De teneur van deze dominante stroom in de sociale filosofie en in het publieke debat is duidelijk. Er wordt een groot sociaal verlies geconstateerd als gevolg van diverse moderniseringsprocessen. Het behoeft weinig ondersteuning om het gelijk aan te tonen van deze maatschappijkritiek. Sociale verbanden en duurzame relaties worden minder vanzelfsprekend, commitment aan sociale verbanden ligt lager (veel verenigingen, organisaties uit de periode van verzuiling en politieke partijen kampen met terugloop in ledenaantallen) en inzet voor sociale verbanden wordt steeds meer afhankelijk van individuele zelfontplooiing (vgl. Hustinx 2009). Toch valt op deze kritiek wel wat af te dingen.

3. Nieuwe sociale dynamiek
De zorg over de Gesellschaft is niet het hele verhaal, of scherper gezegd: het is niet meer het hele verhaal.
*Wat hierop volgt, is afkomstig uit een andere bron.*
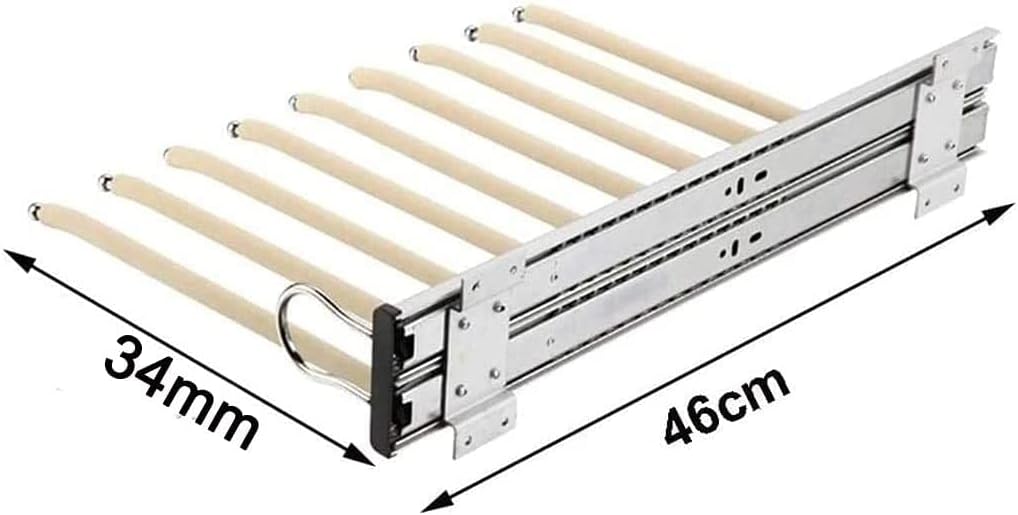 Wardrobe Pants Rack with 9 Arm Pull-Out Trouser Hanger for Closet Space-Saving Trouser Storage Rack (Color : Installation on The Left) (Installation on The Right)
In toenemende mate verliest dit verhaal over modernisering zijn plausibiliteit. De samenleving geeft blijk van herstelkracht, of specifieker gezegd: de Gesellschaft ontwikkelt zelf ook een ‘sociale kant’ en wordt daarmee minder gevaarlijk. Deze paragraaf staat in het teken van deze ontwikkeling, die ik verken aan de hand van drie terreinen: het domein van de consumptiecultuur, het domein van het bedrijfsleven/arbeidsorganisatie en het domein van de publieke zaak.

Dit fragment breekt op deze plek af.